A few days after that, Lexie was still successfully concealed from the press, although lounging around the pool at her mother’s summerhouse felt more like a vacation at a luxury spa.
“Who knew you had such a cunning side?” Lexie said, seated in her bathing suit at a glass-topped patio table under a striped umbrella.
I was drifting in the cool bliss of the swimming pool, on a large pink noodle. “It’s a recessive gene I inherited from my parents.”
“Ah, yes,” Lexie said. “Are they still in Argentina, avoiding tax extradition?”
“They’re on a cruise at the moment. I imagine them stowed away in a first-class cabin and dining with the captain every night.”
“They certainly know how to live the good life,” Lexie said. “So does my mother. Not that high living made her a bad parent. She did help me avoid the creepy math tutor who kept wine coolers in his briefcase. And her advice about majoring in business instead of fashion merchandising was very sound, too. But to her dying day, she’ll shout that going to jail was my own fault. And she’d be right. I think I need help, sweetie. You have to help me relearn all the lessons of civilized society. You always do the right thing.”
Maybe because I was floating so comfortably, my first thought popped out unbidden. “I try to do the right thing because I screwed up once. And Todd died.”
She set her tea down on a table, and she got serious fast. “Your husband got himself killed with drugs and stupidity, Nora. That wasn’t your fault.”

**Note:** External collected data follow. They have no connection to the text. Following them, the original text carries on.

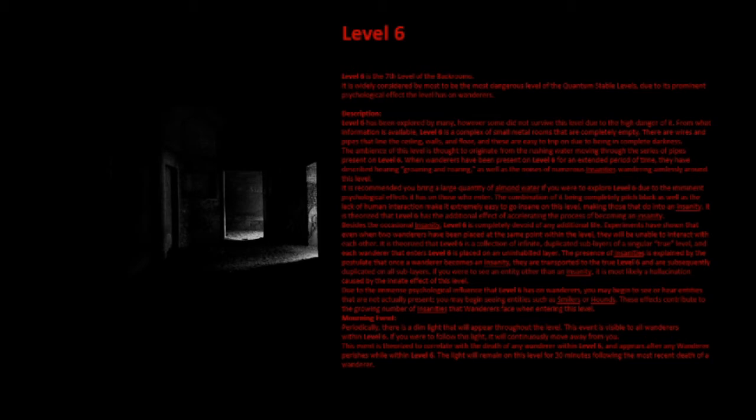Morning Event: Periodically, there is a dim light that will appear throughout the level. This event is visible to all wanderers within Level 6. If you were to follow this light, it will continuously move away from you. This event is theorized to correlate with the death of any wanderer within Level 6, and appears after any wanderer perishes while within Level 6. The light will remain on this level for 30 minutes following the most recent death of a wanderer.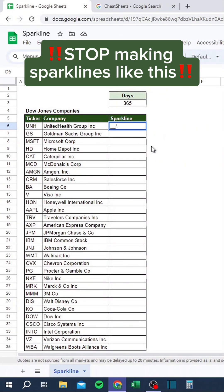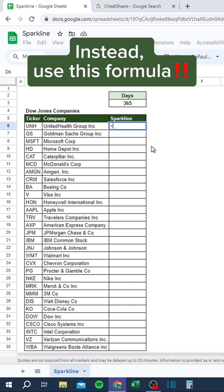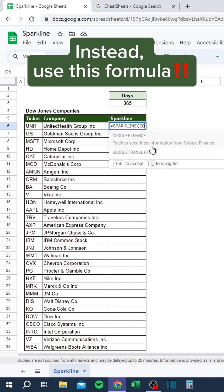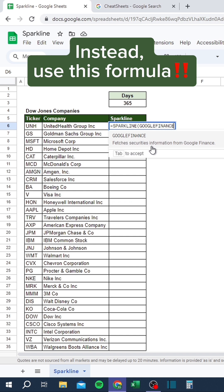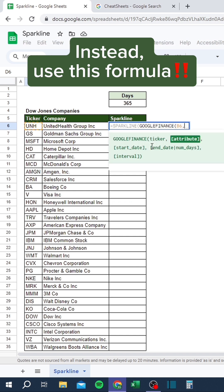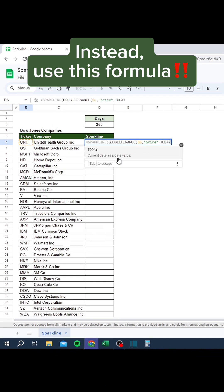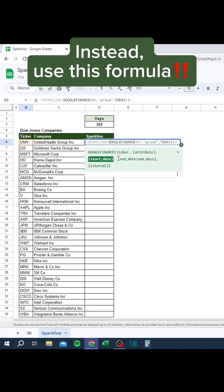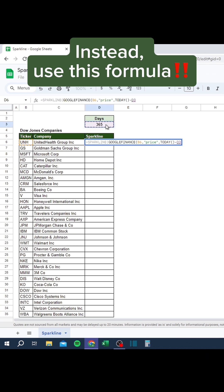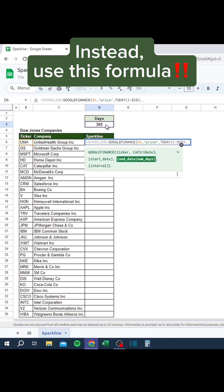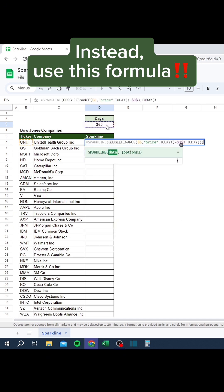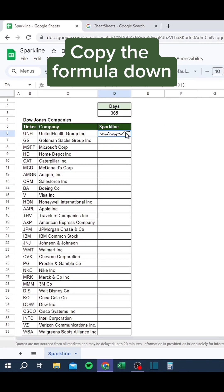Stop making sparklines like this. Instead, use this formula. Copy the formula down.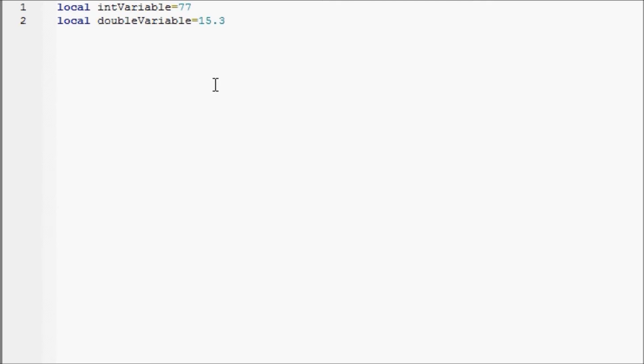And also for the actual values, object values, or sorry, value objects that we'll be using later on, they do have very specific values you can add.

It felt like my fault, though. I hadn’t done enough, hadn’t dragged him to the right doctors, hadn’t locked him up or tied him to a bedpost—anything to keep him away from cocaine. In my worst moments, I feared I had enabled him.
I didn’t want to make the same mistake with Lexie—do nothing, that is. When I’d heard a judge intended to release her for reasons too complicated for anyone to understand yet, I had telephoned her formidable mother and asked to be the one to pick her up. I suggested Lexie be allowed to go into hiding at her mother’s palatial summerhouse on the Delaware, just a half hour’s drive from downtown Philadelphia and a few miles from my home. Here, I intended to keep watch on my friend.
Except for the occasional cutting remark that seemed to pop out of a hard, angry place inside, she seemed to be a little better every day. My biggest concern was that Lexie was being denied her best recovery strategy—her work. She’d heal faster if she could be allowed back into her office.
But that was impossible.
Lexie went on. “For a woman so concerned about appearances, my mother certainly has no qualms about her own reputation. She’s on her fourth husband—have I told you? The polo player went back to South America, so she married a yachtsman from Newport. She’s an enthusiastic wife, but mothering never suited her. Does that worry you, sweetie? The possibility of evolving into a terrible mother now that you’re hatching one of your own?”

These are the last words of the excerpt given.